A couple things have me down this week.
Found out someone is writing emails and signing my name to them and not being very nice in the messages. I don't know who it is or why they are doing it, well they are doing it to be hateful and cause drama. Well mr. or ms. email writer, Karma will come to you. I do ask that if anyone does get an email and youre not sure it's from me or not, check the IP address (It should tell you where the emails are coming from.)or contact me through twitter or facebook, I will be happy to confirm my email address with you.
The biggest thing that has me down is my mother had to put Scooter down today. We got scooter when I was 12 or 13. (I'm 30 now). She was having health problems and we all knew it was coming. Last week I told my mom she should probably take Scooter in for another check up to make sure she isn't in any pain or suffering. I am guessing the vet didn't give my mom good news. I would normally be crying like a baby right now, but instead, I feel relieved. I knew it was time. When I was up there in October, I knew that Scooter was ready to go. I don't know how I knew, I just got that feeling. So I am very sad, but relieved she won't be in pain anymore.

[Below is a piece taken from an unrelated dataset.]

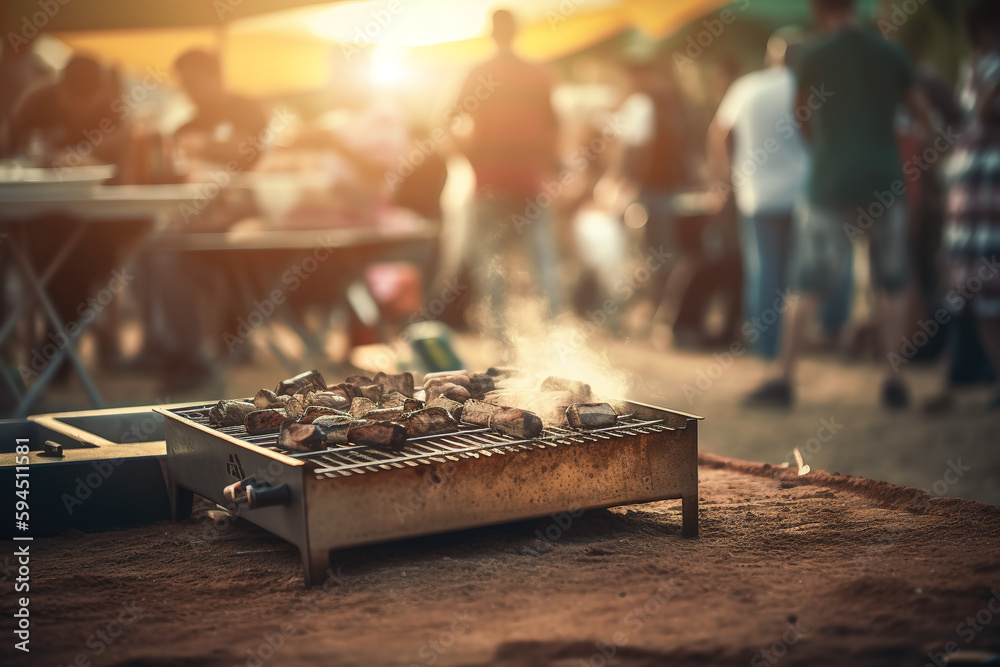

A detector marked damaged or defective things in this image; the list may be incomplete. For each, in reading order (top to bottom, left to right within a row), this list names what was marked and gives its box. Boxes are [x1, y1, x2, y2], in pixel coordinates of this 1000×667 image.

rusty metal surface [160, 400, 700, 588]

I know next week will be better, just a little sad that people are dicks and very sad about my Scooter Pie.
11 comments:
Awww Nessa, I'm sorry to hear about Scooter. It's extremely hard when putting your animal down. I had to do it as well a few years ago and I thought I had lost everything in the world. She was my pup, a dog we weren't supposed to have, my sleeping buddy, my dress up doll, my go to when I was sad, my "model" so too say when I decided I REALLY loved photography. What made her death even worse was the fact that I barely spent any time with her before she was gone. I had moved out on my own and only saw her when I went to visit. The day we had to put her down I was at work and my mom kept me updated, they gave her pain medicine to try and hold off til I got off work, but work luckily let me go so I could go see her off. That might sound silly to some people, leaving work for an animal, but that was my girl. I miss her terribly and cry every so often thinking about her (a little right now) you just can't help it. They are a part of your life and grown into your heart just the way your family and own children do, it would be immoral not to have emotions. So I'm glad you feel relieved and not like you missed out like I did. I guess I can say my relief came when I got to be the only one in the room with her after she had passed and I held her a little bit longer.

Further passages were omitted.